Explicitly opposed to Darwinian naturalism, the early twentieth-century revival of idealism stressed the irreducible conditionality of perspectives and values. A scientific “object,” neo-Kantians argued, was itself derived from the intersubjective, pre-theoretic background of what Edmund Husserl called the human “life-world.” The mind, Wilhelm Dilthey conceded, “represents the highest evolutionary stage on earth,” and science could indeed explain it as the “physical phenomena” behind it. But the mind was also “woven” into a “common sphere,” the shared meanings of language, custom, style, family, society, the state, and law. And within all of these, inextricable historical legacies lived on: “the past is a permanently enduring present.” Separate then from the study of physical systems, the knowledge of mind required assessing the “experience” of human interactions, and, with that, the “comprehension of communities as the subject of historical activity.”[124] A student of Husserl and deeply impacted by Dilthey, Martin Heidegger extended these ideas into his complex philosophy of historical time, a position of continuing influence, witnessed most recently in postcolonial historiography.Heidegger, like many others after the First World War, characterized the era in the language of crisis. Similar to the young Toynbee, he focused his attention on contemporary changes to the spatial parameters of identity, what he described as the “de-distancing of the ‘world'... the overcoming of distance.” In his first major volume Being and Time, he countered this placeless global dimension with the authenticity of the life-world.
For Heidegger, the life-world evidenced both temporality and “being with others,” and taken together, these conditions made the reckoning of time a necessity. Communal time, for those sharing it, “reveals” meaning and significance; it “constitutes the worldliness of the world.”[125] Heidegger contrasted this initially solar and astronomical time-reckoning to its commonplace derivative - the quantification and measurement of clocks.
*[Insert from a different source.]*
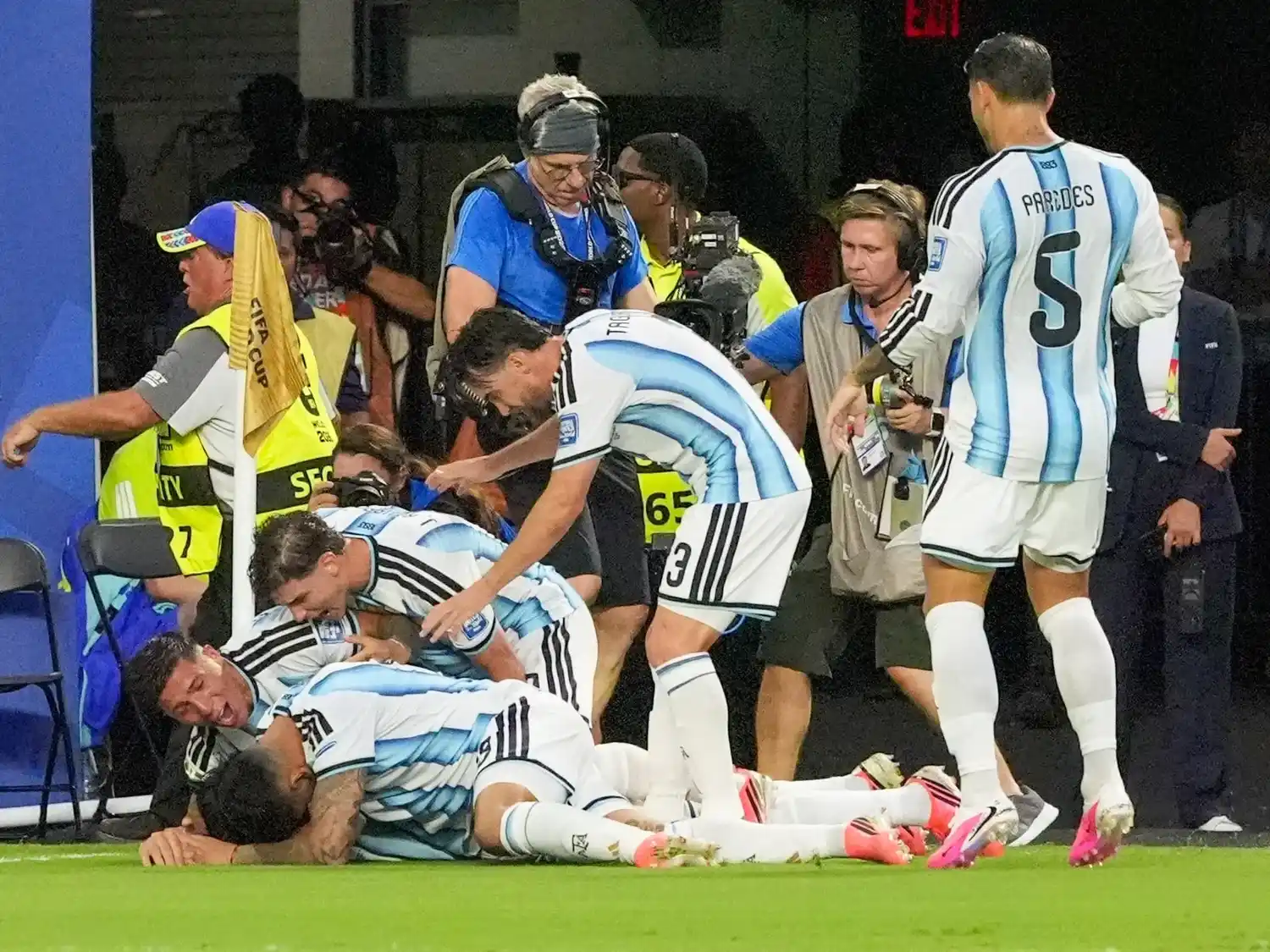 Una Argentina “verde” que no fue un buen cuadro para el gran marco. Foto: Fernando Nicola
Temporal numeration, he stated, obscured the underlying stretch of existential time. It made duration appear like a “multiplicity of nows... a pure succession.” Replacing the shared meanings of an actual “location,” this “vulgar interpretation of time” produced only the placelessness of “segment and number.” Communal time mutated into an abstract universal, belonging to “everyone, and that means no one.”[126]Heidegger characterized these two public temporalities as “authentic” and “inauthentic,” or “of its own” and “not of its own” (eigentlich/uneigentlich). Modern historiography bolstered the latter, because it treated existence in time, rather than as time. Like mechanical clocks, historiography concealed the temporal span of the life-world when it altered a past event into a “time point.” Temporal existence “does not fill up an objectively present track,” but “rather stretches itself along.” This “historicity” could never appear in the work of historians, whose universalism instead “inverted” the stretch of time into “a supratemporal pattern." “Historiography,” he lectured elsewhere, “is a narcotic averting us from history.” By contrast, an authentic retrieval of history responded to past possibilities for the sake of future ones, what Heidegger called “heritage.” Historical thinking, in this sense, enabled “the community, the people” to “choose its heroes.” Only through this authentic retrieval could the community itself become “authentic” and “complete.” No antinomy divided it or its historical time.[127]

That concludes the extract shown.